Ok, fair enough, let's try another run at this.

First off, I like the UL Power products, I'm not running one myself but I would (will?) certainly consider it on my next build. I think they have a good thing going there and the aviation market needs more choices for powerplants. But trying to justify or cheerlead for UL Power because they can burn mogas or cargas while Lycomings can't is simply not true. It's also not true that only Lycomings with 8.5:1 compression can burn mogas/car-gas.

The issue of burning non-100LL fuels in our large-bore slow turning engines is a multi-faceted beast that requires a fair deal of education, some good instrumentation, and in most cases some fuel system modification. It can be done - but not painlessly. You'll have to invest a few dollars and a whole lot of hours of research, but it can be done.

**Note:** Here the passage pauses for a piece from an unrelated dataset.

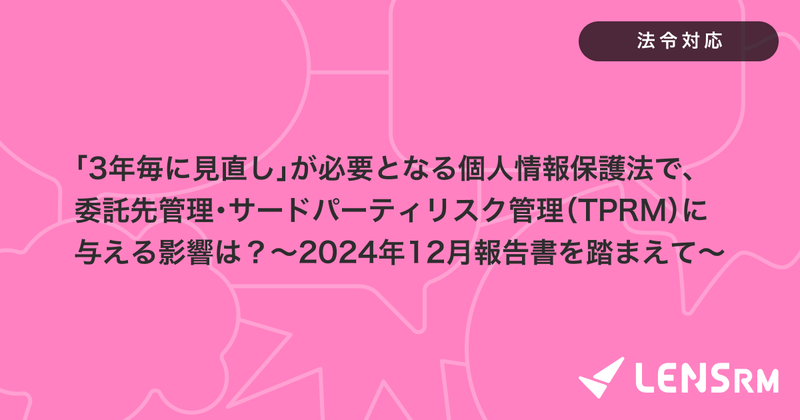 「3年毎に見直し」が必要となる個人情報保護法で、委託先管理・サードパーティリスク管理（TPRM）に与える影響は？〜2024年12月報告書を踏まえて〜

Yesterday I took off in my plane fueled with Walmart 91 premium car gas with ethanol, climbed direct to 17,000 feet running 29 degrees of timing and lean of peak the whole way - and my engine stubbornly refused to melt down. How did that happen? There are still a few tricks, you see...

https://flightaware.com/live/flight/...650Z/73XS/KPIL

To the OP - I do apologize for coming across a little harsh, I'm edging into cranky old curmudgeon "Get off my lawn" territory these days. I need less coffee and more patience.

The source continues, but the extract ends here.